Women in Sunlight: A Novel (Crown, 3 April 2018)

The author of the best-selling 1996 memoir Under the Tuscan Sun, Frances Mayes, writes another love letter to Italy with Women in Sunlight. Wish fulfilment of every kind awaits the reader with her trademark warmth, heart, and descriptions of place, food, and friendship.

AUTHORLINK: Ms Mayes, we are so pleased to be able to discuss Women in Sunlight with you at Authorlink. Personally, I am a huge fan of your work and even went to Cortona with my husband to explore the town. Women in Sunlight has recreated that Italian magic with the character of Kit Raine, an American writer living in Tuscany, working on a biography of a close friend, when the arrival of three new friends move in next door. Are any of these characters based on personality traits from people whom you may know?

“My characters are fiction but are made of many fragments of my friends.”

MAYES: My characters are fiction but are made of many fragments of my friends. Their projects and interests are magnified versions of my own passions—art, architecture, food, wine, travel, gardens, and, of course, writing. For example, Camille’s new art project came from one friend’s watercolors and another friend’s paper-making and letter press workshop. The process of inventing characters seemed a bit like laying mosaic designs—making shapes from differently colored pieces. And they became so real—I often wonder what they’re doing in that big villa this morning.

AUTHORLINK: Yes. How wonderful! Stories about women after a certain age group are always so interesting, even though they’re often under-represented in movies and books. Women in Sunlight is a novel about three older women, Camille 69, Julia 59, and Susan 64, who refuse to take the path which they feel life has imposed upon them. Shows like Grace and Frankie, starring Lily Tomlin and Jane Fonda, have made inroads in depicting the desires and enthusiasm of the older generation more than at any other time in history. Why did this become such an untapped market do you think?

“I think the Me Too movement encourages women to value their truths…”
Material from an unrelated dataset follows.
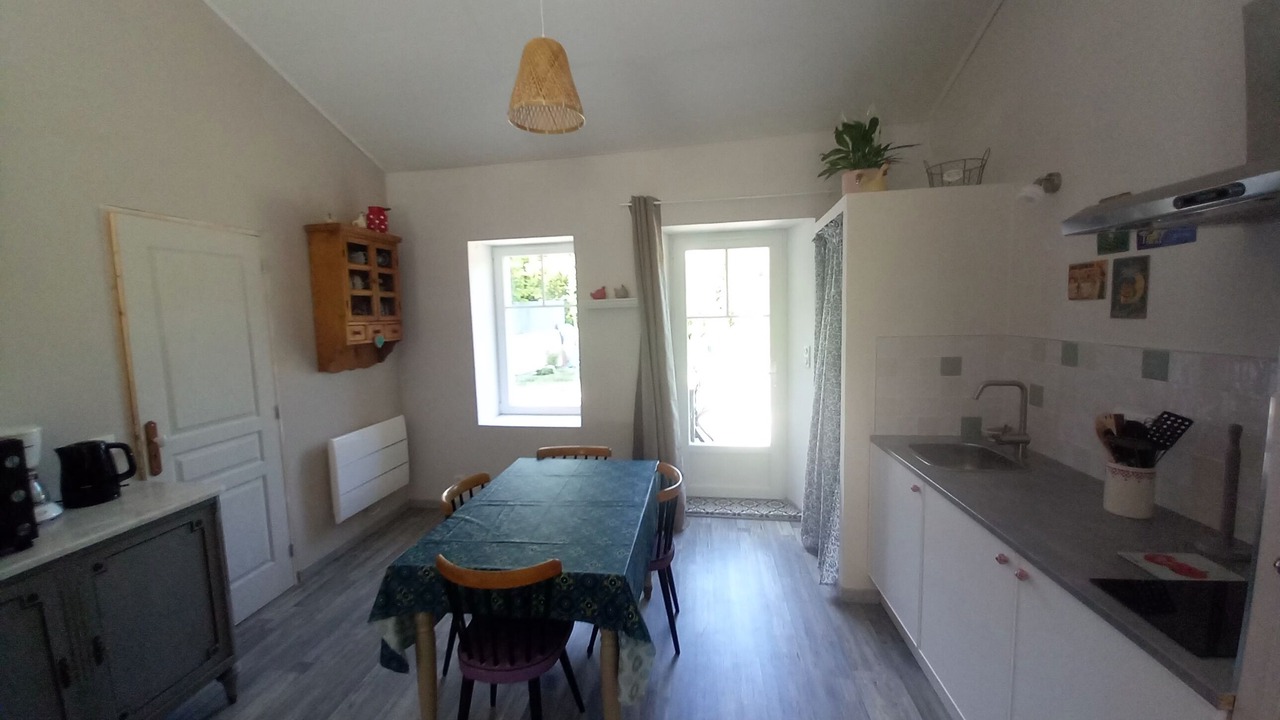 Photo of Kitchen in Apremont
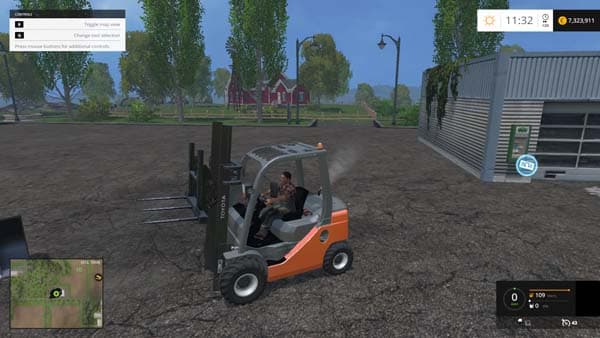 Toyota Forklift Pack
MAYES: It’s time. It’s past time! The earlier women’s movement gained so much then seemed to lapse into a well-that’s-that period. My Under the Tuscan Sun twenty years back was reaching for the kind of affirmations that are coming into the light. There are now a few movies, the TV series you mentioned, but still few books about older women written with verve and appreciation. I think the Me Too movement encourages women to value their truths, and the current political climate certainly awakens us to the continuing stay-down mentality that runs rampant through American male politicians. The out-sized, magnified viciousness against Hilary Clinton—beyond all reason—reveals the depth of misogyny we live with. By the way, the ageist thread also includes men—there’s just a terrible youth bias. You don’t see that in Europe nearly as much as here.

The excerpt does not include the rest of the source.